Short text fragments from websites:
##########
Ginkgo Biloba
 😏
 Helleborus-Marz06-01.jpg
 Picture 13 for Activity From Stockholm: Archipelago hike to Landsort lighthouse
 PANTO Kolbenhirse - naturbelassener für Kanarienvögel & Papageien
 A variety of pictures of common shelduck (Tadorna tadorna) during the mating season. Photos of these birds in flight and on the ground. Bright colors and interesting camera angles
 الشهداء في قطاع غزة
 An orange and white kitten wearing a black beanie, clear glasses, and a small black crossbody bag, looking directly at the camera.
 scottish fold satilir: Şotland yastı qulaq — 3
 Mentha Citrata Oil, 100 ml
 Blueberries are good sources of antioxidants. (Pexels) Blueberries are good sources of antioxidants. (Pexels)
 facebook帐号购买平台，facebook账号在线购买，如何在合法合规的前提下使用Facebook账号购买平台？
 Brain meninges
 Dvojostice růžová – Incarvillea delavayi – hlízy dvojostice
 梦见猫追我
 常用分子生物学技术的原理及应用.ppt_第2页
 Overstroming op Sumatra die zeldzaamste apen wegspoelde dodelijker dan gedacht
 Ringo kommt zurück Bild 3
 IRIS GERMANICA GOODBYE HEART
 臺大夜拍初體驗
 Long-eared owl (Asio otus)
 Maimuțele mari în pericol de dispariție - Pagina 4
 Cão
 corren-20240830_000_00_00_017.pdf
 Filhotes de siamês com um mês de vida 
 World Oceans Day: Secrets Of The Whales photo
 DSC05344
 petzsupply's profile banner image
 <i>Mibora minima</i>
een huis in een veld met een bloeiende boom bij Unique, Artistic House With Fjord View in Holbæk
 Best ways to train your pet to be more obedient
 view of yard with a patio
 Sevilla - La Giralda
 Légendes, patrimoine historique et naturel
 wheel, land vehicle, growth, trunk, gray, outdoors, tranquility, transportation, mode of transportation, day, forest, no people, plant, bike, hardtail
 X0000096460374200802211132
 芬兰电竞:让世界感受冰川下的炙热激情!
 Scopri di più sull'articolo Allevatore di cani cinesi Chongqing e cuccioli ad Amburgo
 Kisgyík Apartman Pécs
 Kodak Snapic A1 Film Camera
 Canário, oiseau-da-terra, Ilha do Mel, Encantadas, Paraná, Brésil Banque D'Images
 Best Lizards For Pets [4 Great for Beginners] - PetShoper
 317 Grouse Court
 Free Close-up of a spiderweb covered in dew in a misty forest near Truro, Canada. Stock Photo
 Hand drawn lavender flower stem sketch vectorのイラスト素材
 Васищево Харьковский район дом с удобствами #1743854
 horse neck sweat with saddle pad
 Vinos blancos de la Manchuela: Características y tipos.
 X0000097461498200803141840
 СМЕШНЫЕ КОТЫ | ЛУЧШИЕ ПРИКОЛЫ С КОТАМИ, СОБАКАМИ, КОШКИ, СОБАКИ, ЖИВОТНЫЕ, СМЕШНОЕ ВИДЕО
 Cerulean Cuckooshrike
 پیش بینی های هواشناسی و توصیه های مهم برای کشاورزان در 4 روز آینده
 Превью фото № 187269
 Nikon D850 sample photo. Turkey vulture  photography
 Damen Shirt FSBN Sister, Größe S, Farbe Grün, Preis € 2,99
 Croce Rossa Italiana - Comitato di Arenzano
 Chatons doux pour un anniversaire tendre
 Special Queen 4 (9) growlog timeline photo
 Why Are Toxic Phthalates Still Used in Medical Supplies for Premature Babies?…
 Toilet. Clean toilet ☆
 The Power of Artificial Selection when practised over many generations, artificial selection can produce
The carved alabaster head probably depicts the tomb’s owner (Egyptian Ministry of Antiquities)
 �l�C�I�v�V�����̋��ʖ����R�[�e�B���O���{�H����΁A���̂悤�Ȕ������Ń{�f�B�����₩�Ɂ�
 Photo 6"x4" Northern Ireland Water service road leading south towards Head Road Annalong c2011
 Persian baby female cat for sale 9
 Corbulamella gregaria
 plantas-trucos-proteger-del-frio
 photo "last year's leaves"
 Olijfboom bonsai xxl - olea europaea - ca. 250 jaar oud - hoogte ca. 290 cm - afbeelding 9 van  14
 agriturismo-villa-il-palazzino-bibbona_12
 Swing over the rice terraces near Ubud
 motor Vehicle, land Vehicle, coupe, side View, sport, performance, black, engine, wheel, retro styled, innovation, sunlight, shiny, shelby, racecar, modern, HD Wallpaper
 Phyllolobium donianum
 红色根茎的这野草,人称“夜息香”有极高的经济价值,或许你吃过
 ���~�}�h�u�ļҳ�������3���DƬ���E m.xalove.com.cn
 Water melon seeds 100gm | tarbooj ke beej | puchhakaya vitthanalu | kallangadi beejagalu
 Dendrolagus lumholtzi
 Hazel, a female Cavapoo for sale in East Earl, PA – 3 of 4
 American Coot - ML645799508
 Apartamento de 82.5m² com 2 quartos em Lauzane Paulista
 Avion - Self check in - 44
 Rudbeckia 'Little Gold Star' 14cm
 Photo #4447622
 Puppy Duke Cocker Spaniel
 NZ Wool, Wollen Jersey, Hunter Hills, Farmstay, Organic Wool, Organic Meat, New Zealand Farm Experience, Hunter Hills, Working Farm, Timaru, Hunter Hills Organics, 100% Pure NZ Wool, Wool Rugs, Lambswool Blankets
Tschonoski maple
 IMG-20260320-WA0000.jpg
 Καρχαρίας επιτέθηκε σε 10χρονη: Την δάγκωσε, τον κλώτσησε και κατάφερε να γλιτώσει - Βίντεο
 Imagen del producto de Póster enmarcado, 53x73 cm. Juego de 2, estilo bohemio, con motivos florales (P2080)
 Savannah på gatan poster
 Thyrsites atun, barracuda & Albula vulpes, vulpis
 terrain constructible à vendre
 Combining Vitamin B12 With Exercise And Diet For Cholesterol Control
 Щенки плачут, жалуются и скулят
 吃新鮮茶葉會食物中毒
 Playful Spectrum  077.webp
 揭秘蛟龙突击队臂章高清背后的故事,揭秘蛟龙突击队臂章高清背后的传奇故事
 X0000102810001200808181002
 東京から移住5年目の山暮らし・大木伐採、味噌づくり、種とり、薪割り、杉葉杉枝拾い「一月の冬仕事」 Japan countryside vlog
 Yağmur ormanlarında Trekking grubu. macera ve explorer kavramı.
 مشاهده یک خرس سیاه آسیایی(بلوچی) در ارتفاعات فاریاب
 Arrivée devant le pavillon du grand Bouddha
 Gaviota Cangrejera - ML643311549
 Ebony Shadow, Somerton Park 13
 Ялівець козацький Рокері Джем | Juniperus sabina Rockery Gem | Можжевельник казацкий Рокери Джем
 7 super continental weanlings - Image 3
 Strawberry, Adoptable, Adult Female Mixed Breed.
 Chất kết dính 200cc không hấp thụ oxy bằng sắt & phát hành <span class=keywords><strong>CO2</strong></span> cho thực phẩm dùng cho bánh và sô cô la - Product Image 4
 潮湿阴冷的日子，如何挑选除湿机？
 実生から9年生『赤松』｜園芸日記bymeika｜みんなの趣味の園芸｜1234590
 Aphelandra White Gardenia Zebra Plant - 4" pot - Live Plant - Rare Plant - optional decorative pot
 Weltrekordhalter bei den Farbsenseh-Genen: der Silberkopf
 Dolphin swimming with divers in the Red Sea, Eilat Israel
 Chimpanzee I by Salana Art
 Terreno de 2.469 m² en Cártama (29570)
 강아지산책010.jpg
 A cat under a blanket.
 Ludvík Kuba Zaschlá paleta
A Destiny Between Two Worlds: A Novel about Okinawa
##########
Exercise aim:
Copy out every record above once more, precisely as written.

Result of the exercise:
Ginkgo Biloba
 😏
 Helleborus-Marz06-01.jpg
 Picture 13 for Activity From Stockholm: Archipelago hike to Landsort lighthouse
 PANTO Kolbenhirse - naturbelassener für Kanarienvögel & Papageien
 A variety of pictures of common shelduck (Tadorna tadorna) during the mating season. Photos of these birds in flight and on the ground. Bright colors and interesting camera angles
 الشهداء في قطاع غزة
 An orange and white kitten wearing a black beanie, clear glasses, and a small black crossbody bag, looking directly at the camera.
 scottish fold satilir: Şotland yastı qulaq — 3
 Mentha Citrata Oil, 100 ml
 Blueberries are good sources of antioxidants. (Pexels) Blueberries are good sources of antioxidants. (Pexels)
 facebook帐号购买平台，facebook账号在线购买，如何在合法合规的前提下使用Facebook账号购买平台？
 Brain meninges
 Dvojostice růžová – Incarvillea delavayi – hlízy dvojostice
 梦见猫追我
 常用分子生物学技术的原理及应用.ppt_第2页
 Overstroming op Sumatra die zeldzaamste apen wegspoelde dodelijker dan gedacht
 Ringo kommt zurück Bild 3
 IRIS GERMANICA GOODBYE HEART
 臺大夜拍初體驗
 Long-eared owl (Asio otus)
 Maimuțele mari în pericol de dispariție - Pagina 4
 Cão
 corren-20240830_000_00_00_017.pdf
 Filhotes de siamês com um mês de vida 
 World Oceans Day: Secrets Of The Whales photo
 DSC05344
 petzsupply's profile banner image
 <i>Mibora minima</i>
een huis in een veld met een bloeiende boom bij Unique, Artistic House With Fjord View in Holbæk
 Best ways to train your pet to be more obedient
 view of yard with a patio
 Sevilla - La Giralda
 Légendes, patrimoine historique et naturel
 wheel, land vehicle, growth, trunk, gray, outdoors, tranquility, transportation, mode of transportation, day, forest, no people, plant, bike, hardtail
 X0000096460374200802211132
 芬兰电竞:让世界感受冰川下的炙热激情!
 Scopri di più sull'articolo Allevatore di cani cinesi Chongqing e cuccioli ad Amburgo
 Kisgyík Apartman Pécs
 Kodak Snapic A1 Film Camera
 Canário, oiseau-da-terra, Ilha do Mel, Encantadas, Paraná, Brésil Banque D'Images
 Best Lizards For Pets [4 Great for Beginners] - PetShoper
 317 Grouse Court
 Free Close-up of a spiderweb covered in dew in a misty forest near Truro, Canada. Stock Photo
 Hand drawn lavender flower stem sketch vectorのイラスト素材
 Васищево Харьковский район дом с удобствами #1743854
 horse neck sweat with saddle pad
 Vinos blancos de la Manchuela: Características y tipos.
 X0000097461498200803141840
 СМЕШНЫЕ КОТЫ | ЛУЧШИЕ ПРИКОЛЫ С КОТАМИ, СОБАКАМИ, КОШКИ, СОБАКИ, ЖИВОТНЫЕ, СМЕШНОЕ ВИДЕО
 Cerulean Cuckooshrike
 پیش بینی های هواشناسی و توصیه های مهم برای کشاورزان در 4 روز آینده
 Превью фото № 187269
 Nikon D850 sample photo. Turkey vulture  photography
 Damen Shirt FSBN Sister, Größe S, Farbe Grün, Preis € 2,99
 Croce Rossa Italiana - Comitato di Arenzano
 Chatons doux pour un anniversaire tendre
 Special Queen 4 (9) growlog timeline photo
 Why Are Toxic Phthalates Still Used in Medical Supplies for Premature Babies?…
 Toilet. Clean toilet ☆
 The Power of Artificial Selection when practised over many generations, artificial selection can produce
The carved alabaster head probably depicts the tomb’s owner (Egyptian Ministry of Antiquities)
 �l�C�I�v�V�����̋��ʖ����R�[�e�B���O���{�H����΁A���̂悤�Ȕ������Ń{�f�B�����₩�Ɂ�
 Photo 6"x4" Northern Ireland Water service road leading south towards Head Road Annalong c2011
 Persian baby female cat for sale 9
 Corbulamella gregaria
 plantas-trucos-proteger-del-frio
 photo "last year's leaves"
 Olijfboom bonsai xxl - olea europaea - ca. 250 jaar oud - hoogte ca. 290 cm - afbeelding 9 van  14
 agriturismo-villa-il-palazzino-bibbona_12
 Swing over the rice terraces near Ubud
 motor Vehicle, land Vehicle, coupe, side View, sport, performance, black, engine, wheel, retro styled, innovation, sunlight, shiny, shelby, racecar, modern, HD Wallpaper
 Phyllolobium donianum
 红色根茎的这野草,人称“夜息香”有极高的经济价值,或许你吃过
 ���~�}�h�u�ļҳ�������3���DƬ���E m.xalove.com.cn
 Water melon seeds 100gm | tarbooj ke beej | puchhakaya vitthanalu | kallangadi beejagalu
 Dendrolagus lumholtzi
 Hazel, a female Cavapoo for sale in East Earl, PA – 3 of 4
 American Coot - ML645799508
 Apartamento de 82.5m² com 2 quartos em Lauzane Paulista
 Avion - Self check in - 44
 Rudbeckia 'Little Gold Star' 14cm
 Photo #4447622
 Puppy Duke Cocker Spaniel
 NZ Wool, Wollen Jersey, Hunter Hills, Farmstay, Organic Wool, Organic Meat, New Zealand Farm Experience, Hunter Hills, Working Farm, Timaru, Hunter Hills Organics, 100% Pure NZ Wool, Wool Rugs, Lambswool Blankets
Tschonoski maple
 IMG-20260320-WA0000.jpg
 Καρχαρίας επιτέθηκε σε 10χρονη: Την δάγκωσε, τον κλώτσησε και κατάφερε να γλιτώσει - Βίντεο
 Imagen del producto de Póster enmarcado, 53x73 cm. Juego de 2, estilo bohemio, con motivos florales (P2080)
 Savannah på gatan poster
 Thyrsites atun, barracuda & Albula vulpes, vulpis
 terrain constructible à vendre
 Combining Vitamin B12 With Exercise And Diet For Cholesterol Control
 Щенки плачут, жалуются и скулят
 吃新鮮茶葉會食物中毒
 Playful Spectrum  077.webp
 揭秘蛟龙突击队臂章高清背后的故事,揭秘蛟龙突击队臂章高清背后的传奇故事
 X0000102810001200808181002
 東京から移住5年目の山暮らし・大木伐採、味噌づくり、種とり、薪割り、杉葉杉枝拾い「一月の冬仕事」 Japan countryside vlog
 Yağmur ormanlarında Trekking grubu. macera ve explorer kavramı.
 مشاهده یک خرس سیاه آسیایی(بلوچی) در ارتفاعات فاریاب
 Arrivée devant le pavillon du grand Bouddha
 Gaviota Cangrejera - ML643311549
 Ebony Shadow, Somerton Park 13
 Ялівець козацький Рокері Джем | Juniperus sabina Rockery Gem | Можжевельник казацкий Рокери Джем
 7 super continental weanlings - Image 3
 Strawberry, Adoptable, Adult Female Mixed Breed.
 Chất kết dính 200cc không hấp thụ oxy bằng sắt & phát hành <span class=keywords><strong>CO2</strong></span> cho thực phẩm dùng cho bánh và sô cô la - Product Image 4
 潮湿阴冷的日子，如何挑选除湿机？
 実生から9年生『赤松』｜園芸日記bymeika｜みんなの趣味の園芸｜1234590
 Aphelandra White Gardenia Zebra Plant - 4" pot - Live Plant - Rare Plant - optional decorative pot
 Weltrekordhalter bei den Farbsenseh-Genen: der Silberkopf
 Dolphin swimming with divers in the Red Sea, Eilat Israel
 Chimpanzee I by Salana Art
 Terreno de 2.469 m² en Cártama (29570)
 강아지산책010.jpg
 A cat under a blanket.
 Ludvík Kuba Zaschlá paleta
A Destiny Between Two Worlds: A Novel about Okinawa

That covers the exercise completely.